Posts made by Aufa Nabila

Nama : Aufa Fitria Nabila
Kelas : 25 (C)
NPM : 2553032007

Menurut saya, pandangan Ki Hajar Dewantara tentang tujuan pendidikan adalah untuk memerdekakan manusia seutuhnya, yaitu agar peserta didik dapat menjadi pribadi yang berkarakter, cerdas, mandiri, dan bertanggung jawab. Pendidikan menurut beliau bukan sekadar mengisi otak dengan pengetahuan, tetapi menuntun tumbuhnya kekuatan kodrat anak agar mereka dapat hidup selaras dengan alam dan masyarakatnya.

Apabila saya menjadi seorang guru, saya akan berusaha menjadi teladan yang baik bagi murid, membimbing dengan penuh kasih, dan menciptakan suasana belajar yang menyenangkan serta menghargai perbedaan setiap anak. Saya juga akan menanamkan nilai-nilai budi pekerti dan semangat kebangsaan, agar murid tidak hanya cerdas secara akademik, tetapi juga berakhlak mulia dan siap berkontribusi bagi bangsa.

1. Tujuan Pendidikan

Menurut Ki Hajar Dewantara, pendidikan memiliki tujuan utama untuk memerdekakan manusia, baik secara lahir maupun batin.

Artinya, pendidikan harus membantu manusia mencapai dua hal penting:
• Selamat raganya, yaitu memiliki tubuh yang sehat, kuat, dan sejahtera secara fisik sehingga mampu menjalani kehidupan dengan baik.
• Bahagia jiwanya, yaitu memiliki ketenangan batin, kebebasan berpikir, dan rasa hidup yang bermakna.

Jadi, pendidikan bukan hanya tentang membuat seseorang pintar atau berilmu, tetapi juga membentuk manusia yang berkepribadian merdeka, yang mampu berpikir dan bertindak dengan tanggung jawab, serta dapat menentukan jalan hidupnya sendiri tanpa tergantung pada orang lain.
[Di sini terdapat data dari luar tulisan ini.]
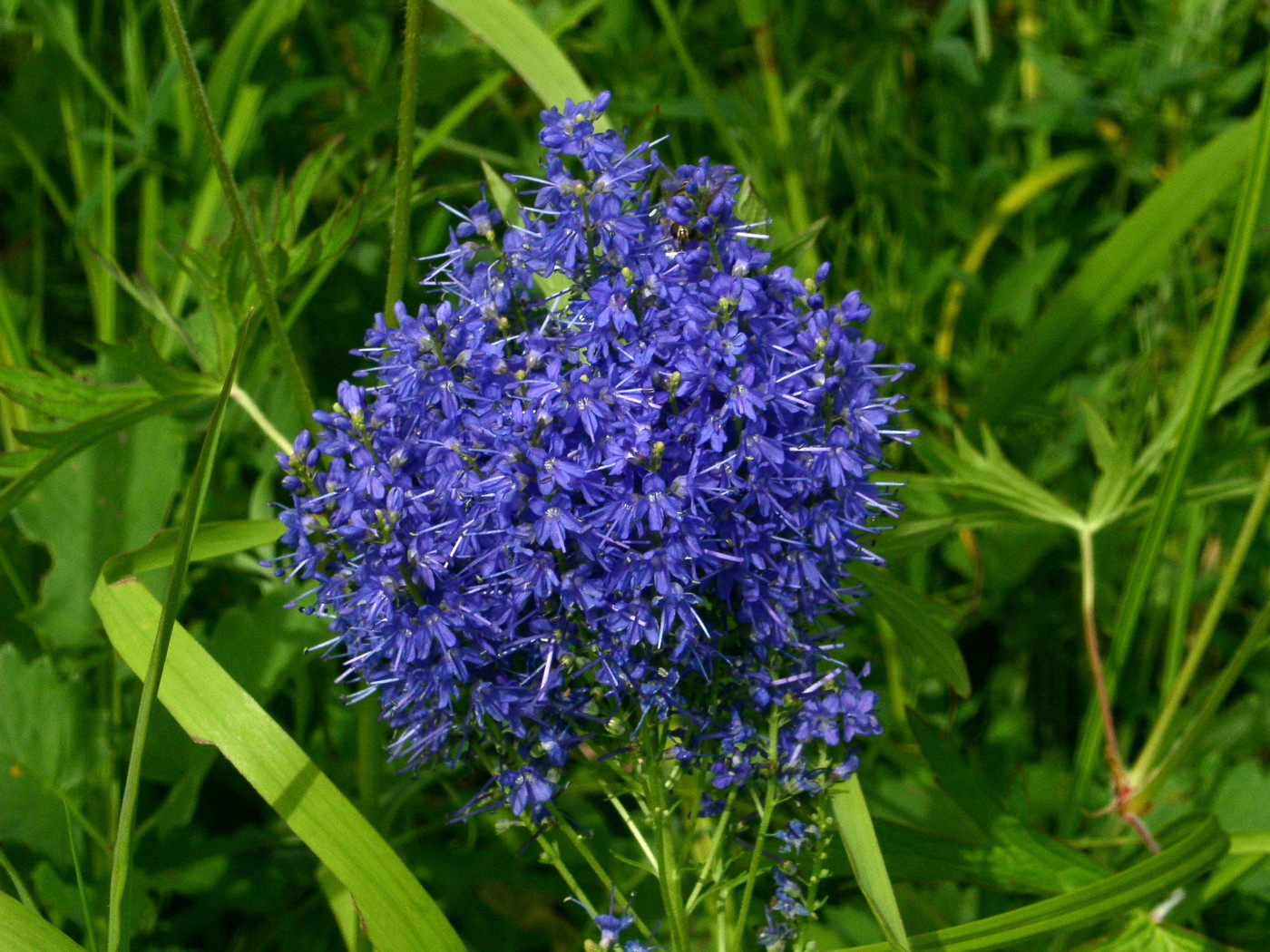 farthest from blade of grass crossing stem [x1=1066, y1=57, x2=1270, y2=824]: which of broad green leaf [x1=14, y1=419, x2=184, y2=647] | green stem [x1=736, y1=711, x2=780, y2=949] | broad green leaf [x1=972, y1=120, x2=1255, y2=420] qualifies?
broad green leaf [x1=14, y1=419, x2=184, y2=647]

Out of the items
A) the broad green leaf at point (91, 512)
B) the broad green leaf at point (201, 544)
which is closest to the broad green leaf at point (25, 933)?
the broad green leaf at point (201, 544)

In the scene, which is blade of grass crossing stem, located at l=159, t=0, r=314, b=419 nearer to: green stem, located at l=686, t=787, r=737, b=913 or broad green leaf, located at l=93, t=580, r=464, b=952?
broad green leaf, located at l=93, t=580, r=464, b=952

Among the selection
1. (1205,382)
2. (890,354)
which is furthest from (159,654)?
(890,354)

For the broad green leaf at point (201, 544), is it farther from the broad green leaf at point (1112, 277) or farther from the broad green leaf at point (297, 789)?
the broad green leaf at point (1112, 277)

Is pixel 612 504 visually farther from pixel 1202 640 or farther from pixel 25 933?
pixel 1202 640

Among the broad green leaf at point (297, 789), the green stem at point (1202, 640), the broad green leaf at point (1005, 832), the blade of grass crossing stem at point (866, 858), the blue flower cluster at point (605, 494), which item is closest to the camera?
the blue flower cluster at point (605, 494) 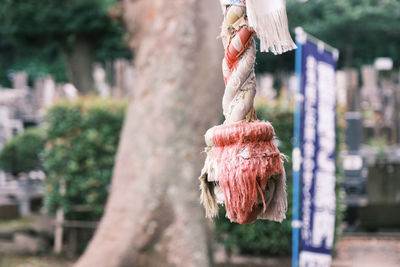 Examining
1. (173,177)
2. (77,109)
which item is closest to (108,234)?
(173,177)

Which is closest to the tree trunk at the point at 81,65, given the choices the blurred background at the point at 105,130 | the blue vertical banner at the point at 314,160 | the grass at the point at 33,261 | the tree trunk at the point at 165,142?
the blurred background at the point at 105,130

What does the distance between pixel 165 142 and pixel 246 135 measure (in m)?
5.43

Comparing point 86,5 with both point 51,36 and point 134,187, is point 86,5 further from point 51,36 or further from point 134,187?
point 134,187

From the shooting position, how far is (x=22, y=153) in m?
15.9

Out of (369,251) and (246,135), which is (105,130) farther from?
(246,135)

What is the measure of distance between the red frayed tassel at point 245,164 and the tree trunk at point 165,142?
5.19 meters

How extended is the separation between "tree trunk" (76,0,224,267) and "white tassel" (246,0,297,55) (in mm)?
5244

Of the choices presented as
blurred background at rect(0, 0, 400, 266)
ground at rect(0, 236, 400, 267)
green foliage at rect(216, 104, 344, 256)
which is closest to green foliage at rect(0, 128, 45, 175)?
blurred background at rect(0, 0, 400, 266)

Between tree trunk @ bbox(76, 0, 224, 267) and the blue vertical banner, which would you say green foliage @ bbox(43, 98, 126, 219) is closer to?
tree trunk @ bbox(76, 0, 224, 267)

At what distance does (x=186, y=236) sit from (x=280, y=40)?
5.79 m

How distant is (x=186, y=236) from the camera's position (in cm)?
682

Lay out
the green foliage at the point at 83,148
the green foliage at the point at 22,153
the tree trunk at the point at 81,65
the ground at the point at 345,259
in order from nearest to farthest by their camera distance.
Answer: the ground at the point at 345,259
the green foliage at the point at 83,148
the green foliage at the point at 22,153
the tree trunk at the point at 81,65

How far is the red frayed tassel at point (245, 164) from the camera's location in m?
1.20

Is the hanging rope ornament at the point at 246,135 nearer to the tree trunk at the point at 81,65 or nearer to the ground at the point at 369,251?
the ground at the point at 369,251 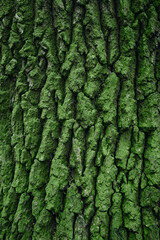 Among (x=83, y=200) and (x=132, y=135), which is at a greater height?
(x=132, y=135)

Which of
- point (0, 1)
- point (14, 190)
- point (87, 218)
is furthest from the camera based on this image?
point (0, 1)

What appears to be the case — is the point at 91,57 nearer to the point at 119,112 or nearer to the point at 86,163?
the point at 119,112

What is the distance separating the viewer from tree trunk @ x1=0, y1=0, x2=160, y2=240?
3.42 feet

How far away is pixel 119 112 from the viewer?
1.11m

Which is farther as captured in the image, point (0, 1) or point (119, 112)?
point (0, 1)

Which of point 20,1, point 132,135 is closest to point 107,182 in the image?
point 132,135

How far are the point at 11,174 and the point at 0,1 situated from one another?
124 centimetres

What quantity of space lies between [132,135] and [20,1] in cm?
120

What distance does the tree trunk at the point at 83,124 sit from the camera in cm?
104

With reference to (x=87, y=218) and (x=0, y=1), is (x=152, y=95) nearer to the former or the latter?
(x=87, y=218)

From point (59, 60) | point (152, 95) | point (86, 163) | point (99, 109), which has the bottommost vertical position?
point (86, 163)

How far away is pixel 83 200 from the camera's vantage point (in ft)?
3.44

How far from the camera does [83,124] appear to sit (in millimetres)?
1099

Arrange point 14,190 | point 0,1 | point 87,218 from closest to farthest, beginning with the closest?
point 87,218 < point 14,190 < point 0,1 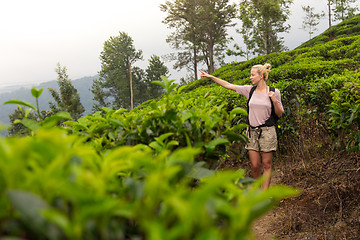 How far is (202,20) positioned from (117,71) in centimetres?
2586

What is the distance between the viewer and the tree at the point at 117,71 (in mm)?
55156

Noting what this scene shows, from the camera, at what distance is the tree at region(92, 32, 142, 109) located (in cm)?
5516

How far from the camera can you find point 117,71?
182 feet

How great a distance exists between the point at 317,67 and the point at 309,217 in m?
4.37

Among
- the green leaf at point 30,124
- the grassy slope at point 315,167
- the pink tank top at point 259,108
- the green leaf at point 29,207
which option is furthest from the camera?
the pink tank top at point 259,108

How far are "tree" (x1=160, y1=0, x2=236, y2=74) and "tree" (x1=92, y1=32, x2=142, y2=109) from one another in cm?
2173

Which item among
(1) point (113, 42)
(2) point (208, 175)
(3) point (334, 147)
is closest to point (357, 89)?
(3) point (334, 147)

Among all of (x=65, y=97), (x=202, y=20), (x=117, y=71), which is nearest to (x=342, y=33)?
(x=202, y=20)

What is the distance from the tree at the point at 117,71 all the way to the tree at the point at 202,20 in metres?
21.7

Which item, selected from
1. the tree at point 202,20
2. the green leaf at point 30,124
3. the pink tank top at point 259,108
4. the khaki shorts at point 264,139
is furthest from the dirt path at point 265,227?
the tree at point 202,20

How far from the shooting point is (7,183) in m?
0.54

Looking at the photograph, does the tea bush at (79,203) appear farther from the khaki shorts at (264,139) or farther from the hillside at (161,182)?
the khaki shorts at (264,139)

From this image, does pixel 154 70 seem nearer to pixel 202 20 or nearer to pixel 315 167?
pixel 202 20

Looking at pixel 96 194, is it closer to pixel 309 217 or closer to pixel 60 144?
pixel 60 144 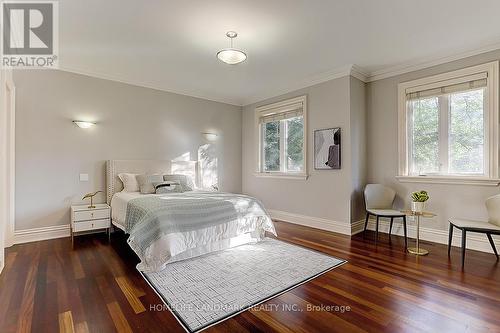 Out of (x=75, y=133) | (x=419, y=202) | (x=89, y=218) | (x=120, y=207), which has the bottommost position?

Pendidikan menurut Ki Hajar Dewantara harus menuntun segala kekuatan kodrat anak agar mereka dapat mencapai keselamatan dan kebahagiaan yang setinggi-tingginya sebagai manusia maupun anggota masyarakat.

2. Tiga Peran Penting Pendidikan (Filosofi Rahayu)

Ki Hajar Dewantara melihat bahwa pendidikan memiliki tiga peran besar yang saling berkaitan dan tidak bisa dipisahkan:
1. Memajukan dan menjaga diri : Pendidikan harus membantu seseorang untuk mengenali potensinya, mengembangkan bakat, dan menjadi pribadi yang mandiri. Dengan begitu, ia dapat hidup bermanfaat bagi diri sendiri dan orang lain.
2. Memelihara dan menjaga bangsa : Pendidikan harus membentuk karakter kebangsaan, cinta tanah air, dan tanggung jawab sosial. Dengan pendidikan yang baik, masyarakat menjadi kuat, berakhlak, dan mampu mempertahankan nilai-nilai luhur bangsa.
3. Memelihara dan menjaga dunia : Pendidikan juga memiliki peran global, yaitu menumbuhkan kesadaran untuk hidup damai dan saling menghormati antar manusia di seluruh dunia. Pengetahuan dan kebijaksanaan digunakan untuk menciptakan kedamaian dan keseimbangan.

Konsep tiga peran ini disebut “Filosofi Rahayu”, yaitu pandangan bahwa pendidikan harus membawa kebaikan, keselamatan, dan keseimbangan bagi diri, bangsa, dan dunia.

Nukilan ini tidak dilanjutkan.